This article considers the new Public Procurement (Miscellaneous Amendments) Regulations 2011 (“the 2011 Regulations”) which will come into force on 1 October 2011. These Regulations will amend the Public Contracts Regulations 2006 (“PCR”), the Utilities Contracts Regulations 2006 and other related legislation.  This article focuses on the amendments to the PCR made by the 2011 Regulations.

The 2011 Regulations make some key changes to the time limits for bidders to issue legal proceedings including a new limitation period for bringing proceedings of just 30 days.  There are also some changes to the automatic suspension regime and the mandatory reasons for rejecting a participant.

The main changes are:

  • The time limit for bringing legal proceedings is reduced from three months to 30 days from the date of knowledge of the alleged breach.  From 1 October, bidders will have to challenge within a 30 day period or risk being out of time.  The 30 day period will start from when the challenger first knew or ought to have known that there were grounds for bringing a challenge (“the date of knowledge”).  The Court will still have a discretion to extend time where there is good reason for doing so, up to a maximum of three months from the date of knowledge.  The new time limit will apply to all claims (other than those claiming the ineffectiveness remedy) where the date of knowledge is on or after 1 October 2011.
  • There is no longer an additional requirement to bring proceedings promptly.

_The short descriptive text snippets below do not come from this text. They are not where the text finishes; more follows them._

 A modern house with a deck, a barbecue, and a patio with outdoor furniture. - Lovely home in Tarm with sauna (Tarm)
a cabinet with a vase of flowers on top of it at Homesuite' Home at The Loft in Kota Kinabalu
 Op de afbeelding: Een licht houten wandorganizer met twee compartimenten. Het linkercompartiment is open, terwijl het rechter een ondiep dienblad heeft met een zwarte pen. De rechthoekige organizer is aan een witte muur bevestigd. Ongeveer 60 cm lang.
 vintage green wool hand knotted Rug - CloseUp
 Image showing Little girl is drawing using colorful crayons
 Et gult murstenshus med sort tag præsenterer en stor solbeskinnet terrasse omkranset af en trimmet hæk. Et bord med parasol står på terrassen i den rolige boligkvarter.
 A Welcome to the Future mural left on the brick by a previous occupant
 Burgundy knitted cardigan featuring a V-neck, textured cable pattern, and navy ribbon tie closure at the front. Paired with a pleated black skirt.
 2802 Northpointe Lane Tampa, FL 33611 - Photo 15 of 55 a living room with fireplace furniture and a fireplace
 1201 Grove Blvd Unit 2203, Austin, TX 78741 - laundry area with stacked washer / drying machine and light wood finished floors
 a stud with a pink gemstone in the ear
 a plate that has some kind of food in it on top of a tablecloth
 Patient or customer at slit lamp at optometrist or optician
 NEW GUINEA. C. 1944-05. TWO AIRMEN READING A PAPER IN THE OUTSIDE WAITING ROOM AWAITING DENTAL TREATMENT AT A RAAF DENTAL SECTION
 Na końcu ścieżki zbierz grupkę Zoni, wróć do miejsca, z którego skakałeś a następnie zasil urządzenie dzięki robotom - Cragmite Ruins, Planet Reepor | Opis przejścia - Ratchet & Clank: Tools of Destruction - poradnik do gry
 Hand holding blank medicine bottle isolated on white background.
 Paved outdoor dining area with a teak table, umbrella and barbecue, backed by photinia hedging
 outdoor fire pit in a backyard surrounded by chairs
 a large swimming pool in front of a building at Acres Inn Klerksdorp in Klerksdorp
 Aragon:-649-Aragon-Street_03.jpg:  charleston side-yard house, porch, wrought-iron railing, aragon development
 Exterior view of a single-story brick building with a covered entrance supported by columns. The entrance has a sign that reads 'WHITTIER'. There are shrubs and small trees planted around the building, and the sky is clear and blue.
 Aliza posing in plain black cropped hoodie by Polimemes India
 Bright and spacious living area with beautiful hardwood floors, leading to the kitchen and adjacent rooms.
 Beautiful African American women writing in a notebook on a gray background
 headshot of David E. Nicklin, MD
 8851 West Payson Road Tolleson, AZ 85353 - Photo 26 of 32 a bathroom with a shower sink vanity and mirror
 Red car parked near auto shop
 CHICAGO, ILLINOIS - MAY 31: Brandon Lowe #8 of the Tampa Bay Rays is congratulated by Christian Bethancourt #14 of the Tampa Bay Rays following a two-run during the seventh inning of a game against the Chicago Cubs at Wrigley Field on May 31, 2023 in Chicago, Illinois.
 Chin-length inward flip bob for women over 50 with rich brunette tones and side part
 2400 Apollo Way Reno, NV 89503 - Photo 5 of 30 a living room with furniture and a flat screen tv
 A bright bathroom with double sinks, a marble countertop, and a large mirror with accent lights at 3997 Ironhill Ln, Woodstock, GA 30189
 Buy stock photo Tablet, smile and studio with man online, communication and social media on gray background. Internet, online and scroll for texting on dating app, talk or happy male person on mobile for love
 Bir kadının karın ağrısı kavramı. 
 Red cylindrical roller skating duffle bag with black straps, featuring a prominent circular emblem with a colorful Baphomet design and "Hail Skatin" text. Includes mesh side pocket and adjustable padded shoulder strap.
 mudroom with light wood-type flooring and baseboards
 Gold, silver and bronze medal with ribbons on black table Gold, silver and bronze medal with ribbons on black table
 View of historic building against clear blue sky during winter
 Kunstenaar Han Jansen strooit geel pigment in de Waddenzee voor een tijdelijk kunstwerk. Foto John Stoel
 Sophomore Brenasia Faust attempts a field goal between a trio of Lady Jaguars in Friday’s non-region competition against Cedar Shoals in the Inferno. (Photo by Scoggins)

The PCR currently state that the time limit for bringing a procurement challenge is “promptly and in any event within 3 months”.  The need to act promptly has been problematic since the January 2010 judgment of the European Court of Justice in Uniplex (UK) Ltd v NHS Business Services Authority which confirmed that UK requirements for a challenge to be brought promptly were contrary to EU law because they prevented claimants from knowing the exact time limit that would apply.  The legislation has now caught up and the requirement to act promptly has been removed. 
  • Proceedings are to be regarded as started when the claim form is issued at Court, rather than when it is served on the Defendant.  This amendment closes a technical loophole in the PCR concerning the start of the ‘automatic suspension’.  If a claimant starts court proceedings under the PCR, as long as those proceedings are started before the contract has been awarded, an automatic suspension is imposed on the procurement so that the contracting authority is prevented from entering into the contract.  From 1 October 2011, proceedings are deemed to have “started” on the date that proceedings are issued at Court (rather than when they are served, as was the case previously).  The onus is on the challenging bidder to tell the contracting authority that the claim has been issued.  Only then will the automatic suspension take effect.  The claim form must be formally served on the contracting authority within seven days of the claim being issued.
  • The award decision notice only has to be sent to tenderers who have not been definitely excluded from the competition.  The current requirement is for all candidates and tenderers to be told about the start of the standstill period and be given the relevant debriefing information.  The 2011 Regulations relax this requirement where it is clear that a tenderer has already been excluded, has been notified of this and where it is too late for them to bring a challenge in respect of their exclusion.  This amendment should be treated with caution as it will apply to relatively few scenarios.  In the vast majority of cases tenderers will still need to be given the full debriefing information under Regulation 32 of the PCR. 
  • Some additional mandatory exclusions have been introduced.   The grounds on which a participant must be rejected under Regulation 23 of the PCR have been updated to reflect changes in legislation and to reflect the criminal offences in the Bribery Act 2010 and the Fraud Act 2006.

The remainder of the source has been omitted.